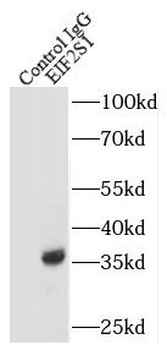 EIF2S1 Rabbit Polyclonal Antibody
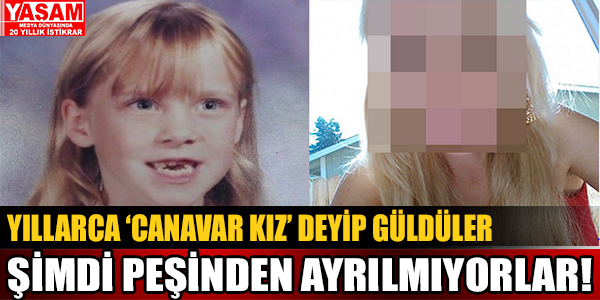 Yıllarca 'canavar kız' deyip güldüler şimdi ise peşinden ayrılmıyorlar!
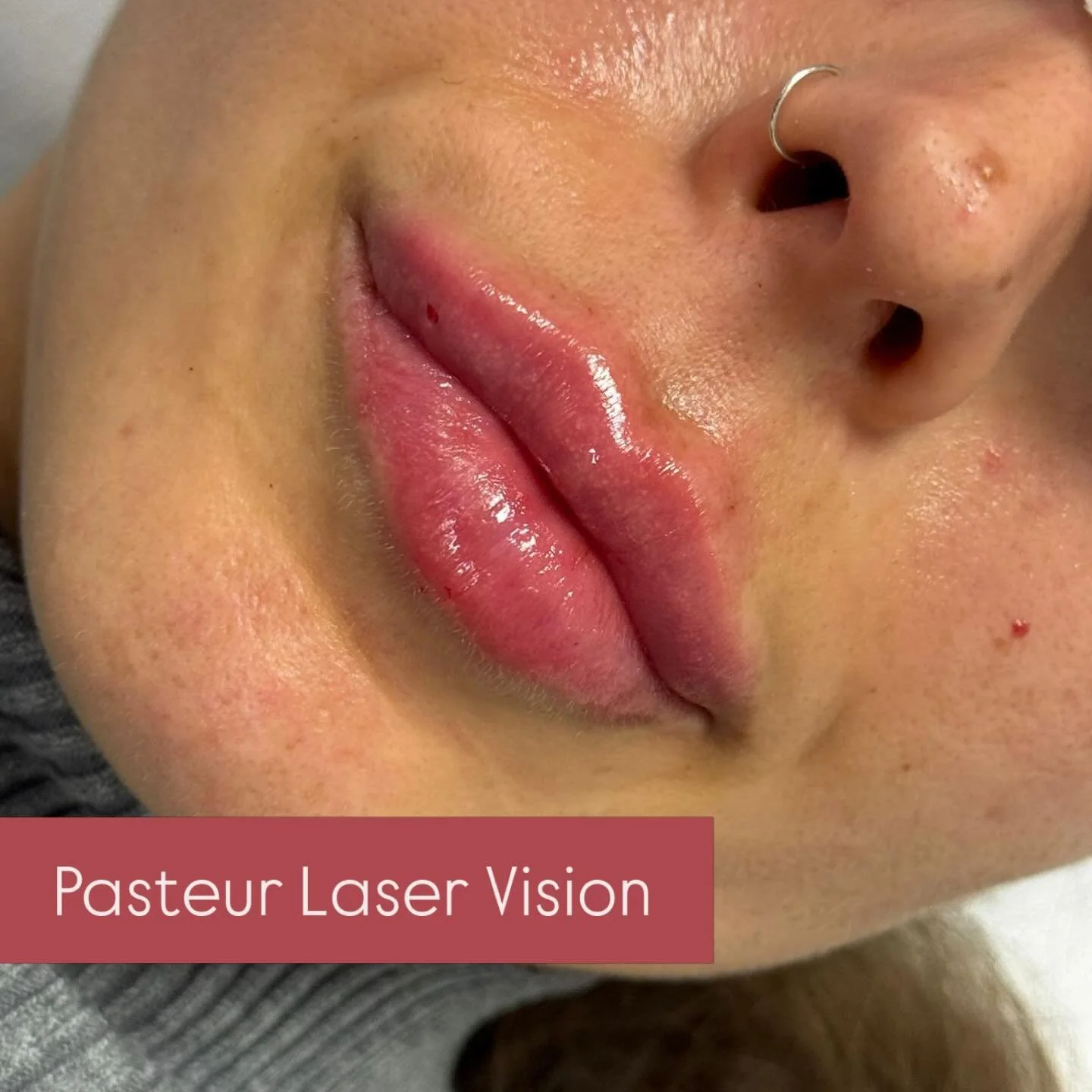📍 Pasteur Laser Vision 
&bull;
&bull;
&bull;
&bull;
&bull;
#hamburg #harburg #jungfernstieg #lipfiller #botox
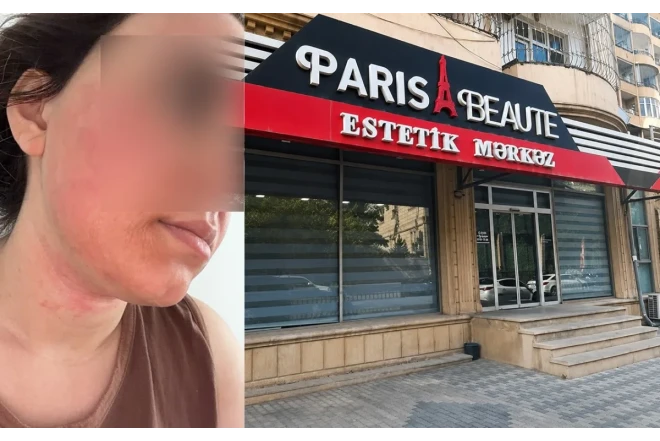 “Lazeroloq üzümü yandırıb...” - Foto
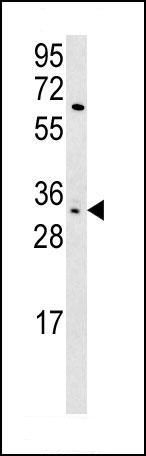 Anti-KIR2DS3 antibody - C-terminal (ab175529) at 1/1000 dilution + HL60 cell line lysate at 15 µgdeveloped using the ECL technique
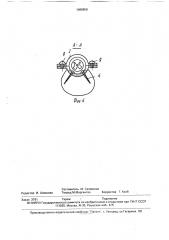 Способ лечения дефектов спинного мозга (патент 1688858)
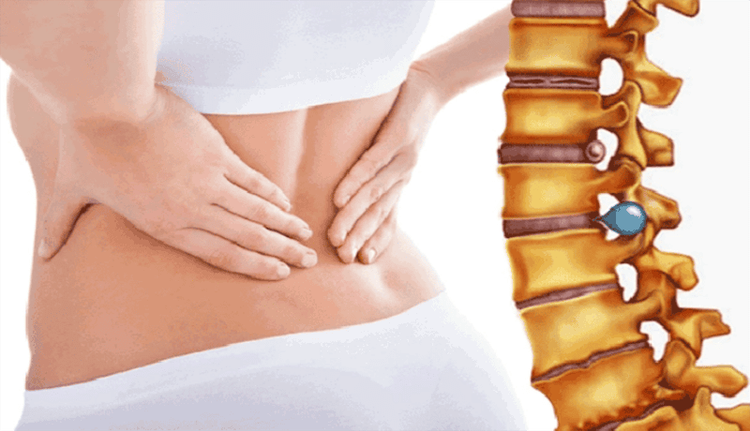 Spinal degeneration increases the risk of secondary intercostal neuralgia.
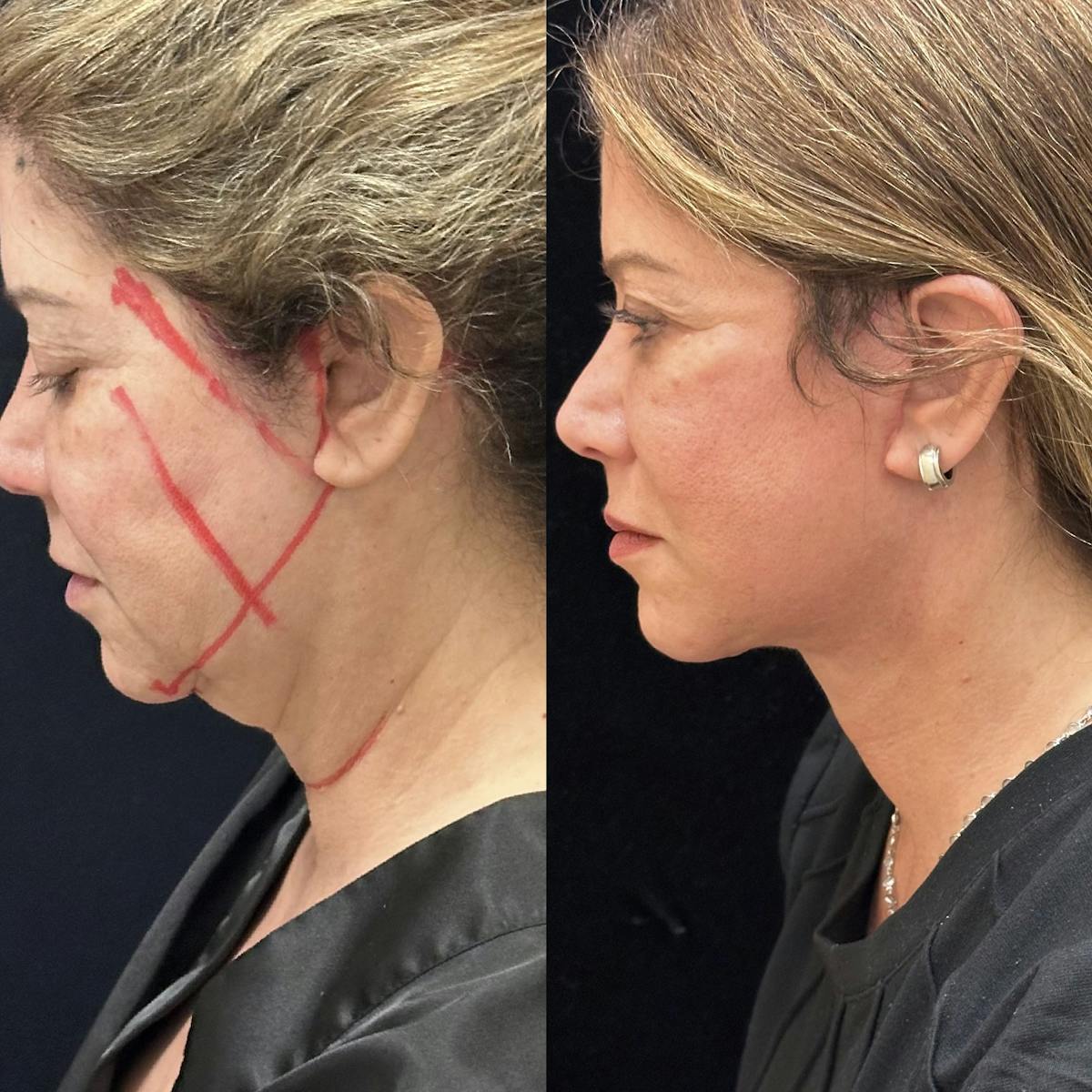 Necklift Before & After Gallery - Patient 162056 - Image 3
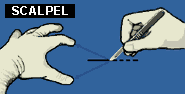scalpel grip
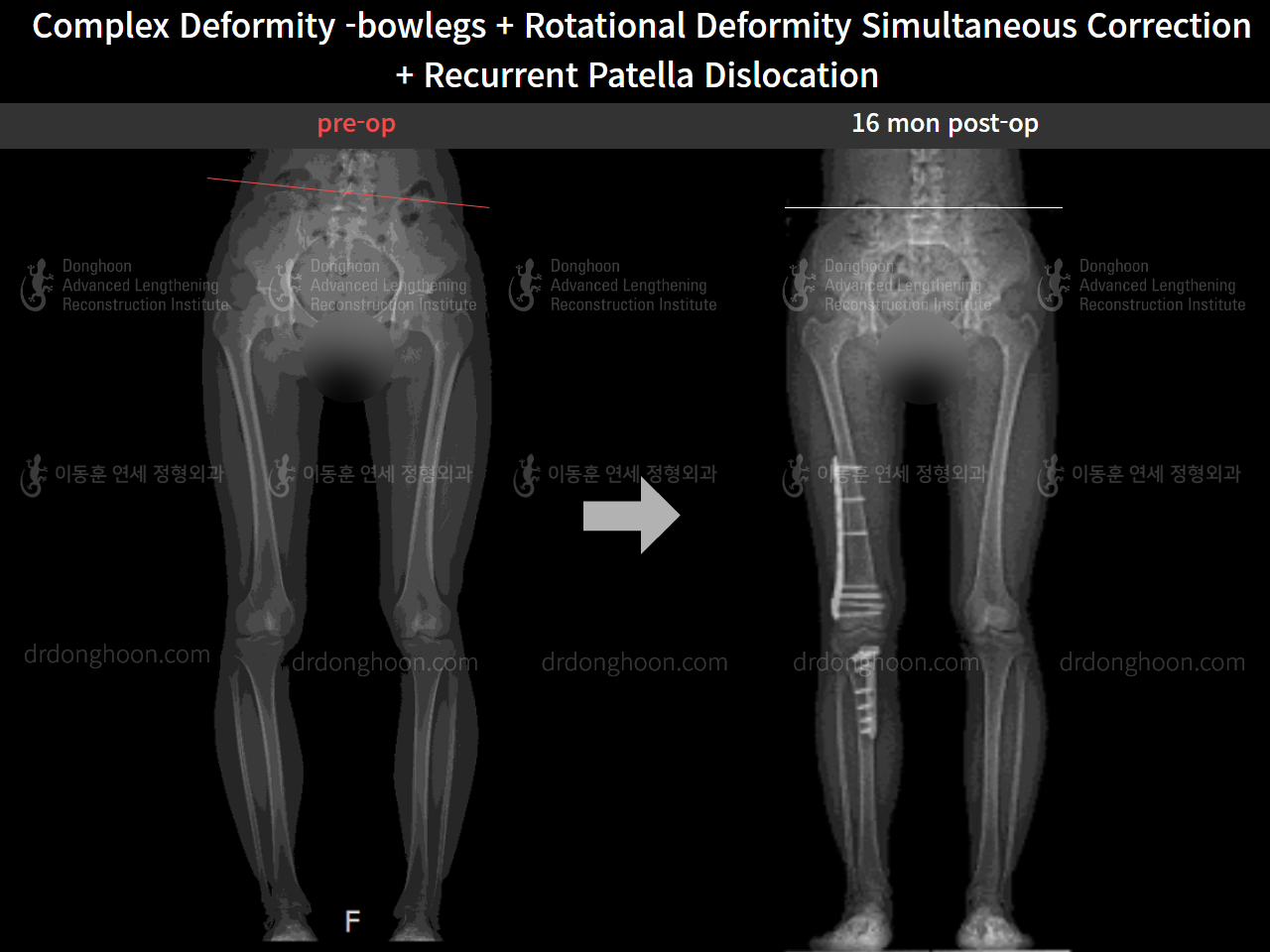 Before and after recurrent patella dislocation, case 8580605, image 8, Dr. Donghoon institute (DALRI)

## EXERCISE DESCRIPTION
Print out the records in full and exactly, dropping every picture.

## RESULT
 EIF2S1 Rabbit Polyclonal Antibody
 Yıllarca 'canavar kız' deyip güldüler şimdi ise peşinden ayrılmıyorlar!
📍 Pasteur Laser Vision 
&bull;
&bull;
&bull;
&bull;
&bull;
#hamburg #harburg #jungfernstieg #lipfiller #botox
 “Lazeroloq üzümü yandırıb...” - Foto
 Anti-KIR2DS3 antibody - C-terminal (ab175529) at 1/1000 dilution + HL60 cell line lysate at 15 µgdeveloped using the ECL technique
 Способ лечения дефектов спинного мозга (патент 1688858)
 Spinal degeneration increases the risk of secondary intercostal neuralgia.
 Necklift Before & After Gallery - Patient 162056 - Image 3
scalpel grip
 Before and after recurrent patella dislocation, case 8580605, image 8, Dr. Donghoon institute (DALRI)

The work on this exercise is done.